6. März 2012 • Wissenschaft & Technik

Die weltweit größte Computer-Messe CeBIT bietet Ausstellern nicht nur die Möglichkeit, ihre künftigen Produkte zu präsentieren. Auch Diskussionen zu IT-Themen werden gefördert. Das breite Forum nutzte nun auch IT-Sicherheitsexperte Eugene Kaspersky, der vor den Gefahren des Cyberterrors warnte.

Der russische Spezialist hat in Hannover ein internationales Abkommen gefordert, um dem künftig weiter zunehmenden Cyberterror Einhalt zu gebieten.
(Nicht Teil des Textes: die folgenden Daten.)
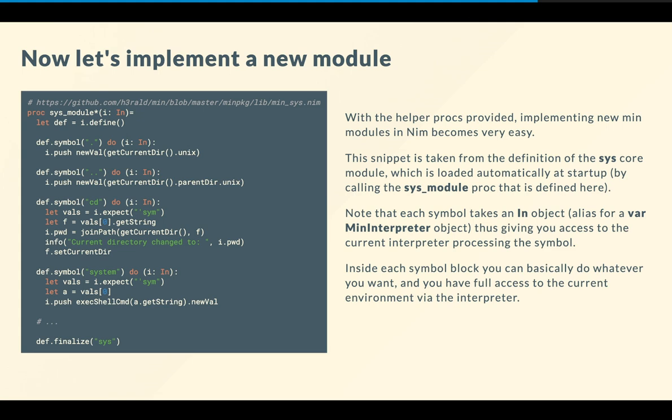Then, another example is the system symbol. Again, it expects a string-like value, so a quoted symbol or a string, and basically executes it as a shell command, and returns the value as a min value. That new-val proc is actually very handy. It can convert basically anything from Nim to a min value, and that's basically you use it all the time. Finally, when we're done, we finalize the module, and we call it sys. So later, when we want to register this module, we just call sys-module-proc, and it will execute all the definitions to define the new module.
Besonders Kraftwerke und Verkehrsinfrastrukturen sind mögliche Ziele für Attacken aus dem Netz.

Zeichen der Zeit erkennen und rechtzeitig handeln

Aufgrund der zahlreichen Möglichkeiten eines virtuellen Angriffs und der verherenden Folgen müsse durch internationale Zusammenarbeit ein ähnliches Sicherheitsnetz geschaffen werden, wie bisher gegen die Verbreitung von Atom- oder Chemiewaffen.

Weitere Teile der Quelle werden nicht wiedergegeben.